Ingredients
Method
Preparation
- Preheat your oven to 400°F (200°C).
- Scrub the sweet potatoes, dry well, and poke a few holes with a fork. Rub with oil and sprinkle with salt.
- Bake the sweet potatoes for 45 to 60 minutes, until a knife slides in easily. Let them rest for 5 minutes before splitting.
Stuffing the Potatoes
- While the potatoes bake, toast the pecans in a dry pan for 3 to 5 minutes.
- Toss the toasted pecans with maple syrup and a pinch of salt.
- Cut the brie into chunks and keep chilled until the potatoes are ready.
- Once the sweet potatoes are baked, split them open and tuck in the brie so it can melt.
- If desired, return the stuffed potatoes to the oven for an additional 3 to 5 minutes until the brie is extra melty.
Making the Cranberry Glaze
- In a small saucepan, combine cranberries, orange juice, maple syrup, and salt.
- Simmer until the cranberries burst and the mixture thickens slightly, about 6 to 8 minutes.

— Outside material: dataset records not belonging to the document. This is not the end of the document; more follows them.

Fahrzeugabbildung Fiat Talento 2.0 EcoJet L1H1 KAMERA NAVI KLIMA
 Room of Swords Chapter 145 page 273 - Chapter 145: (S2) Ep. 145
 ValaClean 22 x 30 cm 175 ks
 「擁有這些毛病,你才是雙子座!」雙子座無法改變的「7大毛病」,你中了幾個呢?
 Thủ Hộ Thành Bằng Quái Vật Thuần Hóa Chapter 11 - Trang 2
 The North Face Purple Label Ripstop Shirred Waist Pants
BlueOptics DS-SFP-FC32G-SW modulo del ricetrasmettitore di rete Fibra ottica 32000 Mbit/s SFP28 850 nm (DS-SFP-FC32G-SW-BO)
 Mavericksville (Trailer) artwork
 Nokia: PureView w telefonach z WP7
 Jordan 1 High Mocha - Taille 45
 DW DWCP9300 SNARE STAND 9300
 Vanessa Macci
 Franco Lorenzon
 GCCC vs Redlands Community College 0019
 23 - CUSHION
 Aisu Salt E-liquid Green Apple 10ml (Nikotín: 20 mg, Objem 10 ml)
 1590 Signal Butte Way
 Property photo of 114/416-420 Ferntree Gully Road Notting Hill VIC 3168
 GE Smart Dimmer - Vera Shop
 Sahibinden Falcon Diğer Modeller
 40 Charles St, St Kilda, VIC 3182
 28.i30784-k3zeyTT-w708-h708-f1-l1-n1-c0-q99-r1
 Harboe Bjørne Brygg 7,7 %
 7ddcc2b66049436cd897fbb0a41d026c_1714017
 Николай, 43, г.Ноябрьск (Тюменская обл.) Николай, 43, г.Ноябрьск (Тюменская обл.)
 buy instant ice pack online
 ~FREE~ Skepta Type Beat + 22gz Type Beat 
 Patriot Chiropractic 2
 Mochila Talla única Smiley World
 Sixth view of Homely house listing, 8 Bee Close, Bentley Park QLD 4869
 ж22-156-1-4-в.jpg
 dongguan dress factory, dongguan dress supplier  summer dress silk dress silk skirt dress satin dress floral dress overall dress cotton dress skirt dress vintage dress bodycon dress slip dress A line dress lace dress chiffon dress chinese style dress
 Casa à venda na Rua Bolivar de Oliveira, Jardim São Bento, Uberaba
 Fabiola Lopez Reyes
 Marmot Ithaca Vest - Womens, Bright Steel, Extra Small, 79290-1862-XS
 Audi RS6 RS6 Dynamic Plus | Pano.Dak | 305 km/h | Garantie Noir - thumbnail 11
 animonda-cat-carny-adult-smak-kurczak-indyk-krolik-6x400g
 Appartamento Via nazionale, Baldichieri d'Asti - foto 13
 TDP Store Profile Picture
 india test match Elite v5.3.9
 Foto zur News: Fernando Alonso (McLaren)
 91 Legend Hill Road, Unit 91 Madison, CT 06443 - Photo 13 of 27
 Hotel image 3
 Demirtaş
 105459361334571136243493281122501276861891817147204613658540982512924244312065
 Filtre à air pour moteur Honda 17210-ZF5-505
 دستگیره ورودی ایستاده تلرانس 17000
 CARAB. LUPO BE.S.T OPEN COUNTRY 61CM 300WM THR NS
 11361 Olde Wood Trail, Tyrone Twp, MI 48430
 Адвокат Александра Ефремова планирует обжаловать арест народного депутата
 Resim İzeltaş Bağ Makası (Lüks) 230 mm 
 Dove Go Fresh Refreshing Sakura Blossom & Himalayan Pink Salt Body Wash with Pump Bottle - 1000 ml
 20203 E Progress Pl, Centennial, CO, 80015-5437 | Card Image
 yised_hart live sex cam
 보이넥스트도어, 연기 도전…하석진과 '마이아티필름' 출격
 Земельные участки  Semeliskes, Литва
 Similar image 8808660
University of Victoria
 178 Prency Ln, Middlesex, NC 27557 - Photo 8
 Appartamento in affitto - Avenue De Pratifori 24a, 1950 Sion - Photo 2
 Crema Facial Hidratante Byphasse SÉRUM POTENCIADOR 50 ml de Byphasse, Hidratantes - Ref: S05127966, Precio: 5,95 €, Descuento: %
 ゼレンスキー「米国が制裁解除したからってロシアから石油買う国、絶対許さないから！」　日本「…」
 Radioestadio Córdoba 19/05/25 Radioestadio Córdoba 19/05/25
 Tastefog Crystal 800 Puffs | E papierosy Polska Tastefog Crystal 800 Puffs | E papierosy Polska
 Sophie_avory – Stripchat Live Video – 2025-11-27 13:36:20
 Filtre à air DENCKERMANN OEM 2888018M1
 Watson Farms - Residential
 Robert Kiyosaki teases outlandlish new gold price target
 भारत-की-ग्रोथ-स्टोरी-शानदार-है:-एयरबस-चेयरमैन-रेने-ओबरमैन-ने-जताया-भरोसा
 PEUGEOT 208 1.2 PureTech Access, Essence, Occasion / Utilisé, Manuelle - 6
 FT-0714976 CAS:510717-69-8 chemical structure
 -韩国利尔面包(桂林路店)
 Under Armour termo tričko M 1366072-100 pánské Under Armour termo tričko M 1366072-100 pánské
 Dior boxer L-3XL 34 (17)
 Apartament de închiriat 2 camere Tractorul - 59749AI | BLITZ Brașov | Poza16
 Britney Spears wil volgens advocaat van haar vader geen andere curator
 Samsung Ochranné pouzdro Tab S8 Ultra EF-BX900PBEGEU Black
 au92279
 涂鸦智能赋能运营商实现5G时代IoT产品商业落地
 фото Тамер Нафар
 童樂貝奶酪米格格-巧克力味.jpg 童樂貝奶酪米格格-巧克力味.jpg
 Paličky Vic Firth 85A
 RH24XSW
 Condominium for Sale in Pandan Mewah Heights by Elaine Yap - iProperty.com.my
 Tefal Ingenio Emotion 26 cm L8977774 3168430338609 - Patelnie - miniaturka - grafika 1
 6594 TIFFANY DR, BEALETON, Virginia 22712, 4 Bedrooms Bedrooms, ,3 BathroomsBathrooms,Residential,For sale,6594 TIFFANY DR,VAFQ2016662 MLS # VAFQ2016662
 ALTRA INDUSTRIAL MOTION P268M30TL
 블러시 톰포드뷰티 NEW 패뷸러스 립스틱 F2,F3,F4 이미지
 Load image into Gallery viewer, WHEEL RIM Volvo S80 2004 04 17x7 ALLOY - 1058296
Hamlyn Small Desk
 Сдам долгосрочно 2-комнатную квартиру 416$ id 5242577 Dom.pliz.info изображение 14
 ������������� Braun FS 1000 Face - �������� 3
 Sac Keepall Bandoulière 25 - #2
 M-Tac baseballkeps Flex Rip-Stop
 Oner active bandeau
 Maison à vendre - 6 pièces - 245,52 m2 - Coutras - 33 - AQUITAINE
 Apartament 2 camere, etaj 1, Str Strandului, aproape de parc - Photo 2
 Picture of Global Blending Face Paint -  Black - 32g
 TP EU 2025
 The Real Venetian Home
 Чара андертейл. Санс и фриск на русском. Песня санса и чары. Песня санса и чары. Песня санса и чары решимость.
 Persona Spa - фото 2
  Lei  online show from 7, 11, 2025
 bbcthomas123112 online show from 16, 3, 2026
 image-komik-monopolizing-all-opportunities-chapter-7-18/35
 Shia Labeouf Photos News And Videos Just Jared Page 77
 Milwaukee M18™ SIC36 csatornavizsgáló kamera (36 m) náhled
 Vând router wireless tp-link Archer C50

- For a smoother glaze, mash lightly with a spoon if desired.
Serving
- Serve the stuffed sweet potatoes topped with the cranberry glaze and sprinkle with the maple-coated pecans.
Notes
You can make these ahead by roasting the sweet potatoes a couple of days in advance. Store the glaze in a jar for up to a week. For reheating, place them cut side down on a baking sheet with a splash of water, covered loosely with foil.